Chamber Music
• Not everyone likes chamber music. Arthur Catterall used to lead the BBC Symphony. One day, he was in a taxi when the driver looked at his violin and asked if he ever played on the radio. When Mr. Catterall replied that he did, the cabbie asked, “Do you ever take part in those Sunday afternoons of chamber music?” Mr. Catterall replied in the affirmative, so the cabbie stopped his taxi, opened the door, and said, “Well, you can jolly well walk!”
• Chamber music can be very expensive. Thomas Beecham spent much of his own money on music. Once, a gentleman from the United States who had been donating much money to an orchestra compared notes with him. After their talk, the American gentleman said, “Well, sir, I guess that every time some guy draws a bow across a fiddle, you or I sign a check for a thousand dollars.”
Children
• When he was an old man, Sir Thomas Beecham conducted a Sir Robert Mayer Children’s Concert. He slowly walked to the conductor’s chair, and then spoke to the audience of children, saying, “Ladies and gentlemen, my slow progress to the conductor’s desk was due not to any reluctance on my part to conduct before so distinguished an audience. My slow progress was due entirely to the infirmity of old age. Our first piece is by Mozart. It was composed when he was at the age of …” — here Sir Thomas pointed to a small boy in the audience — “at your age, sir.”

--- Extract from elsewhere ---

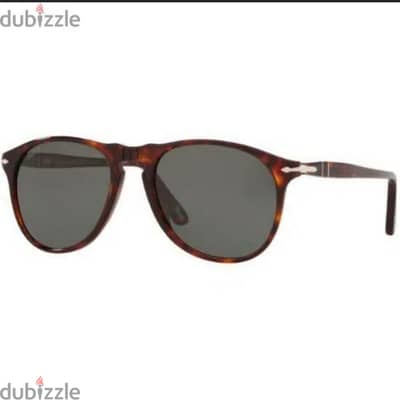 Persol 9649S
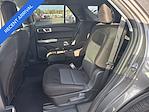 2023 Ford Explorer RWD SUV for sale #PGB62301T - photo 12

• As a very young child, soprano Geraldine Farrar started taking piano lessons, but she played only the black keys. Asked why she didn’t play the white keys, she replied, “Because the white keys seem like angels and the black keys like devils, and I like devils best.” In an early autobiography, she wrote, “It was the soft half-tones of the black keys which fascinated me, and to this day I prefer their sensuous harmony to that of the more brilliant ‘angels.’”
• When English entertainer Joyce Grenfell was a young girl, her father took her to hear some Bach at the Victoria and Albert Museum. She tried to beat time with the music with her head, but was unable to — the boy in the seat behind her had fallen asleep and his knees had trapped her ponytail! Because she was polite, she waited until the music had ended and the applause had wakened the boy, thus freeing her ponytail.
• In 1909, when tenor Leo Slezak sang the part of Tamino in Mozart’s Magic Fluteat the Metropolitan Opera, Walter, his little son, was in the audience. Little Walter had been told the plot of the opera, and he knew that a snake would be chasing Tamino at his entrance. Out of excitement, when little Walter saw his father make his entrance, he shouted, “Watch out, Papa! There is a snake!”
• At age 13, Billie Holiday went to New York City to be rejoined with her mother, but she took a walk in Harlem and got lost. A social worker helped her out by finding her a place to stay until her mother could be located — a place that young Billie remembered as a beautiful hotel. After she grew up, Ms. Holiday went back to the “beautiful hotel” and discovered that it was a YWCA.
• One mother thought that her three-year-old daughter might be a musical genius because the little girl remembered where the middle C key was located on the piano keyboard after being shown it once. However, one day the mother cleaned the piano keys, and her little daughter couldn’t pick out middle C anymore — the middle C key had been the one with the egg stain.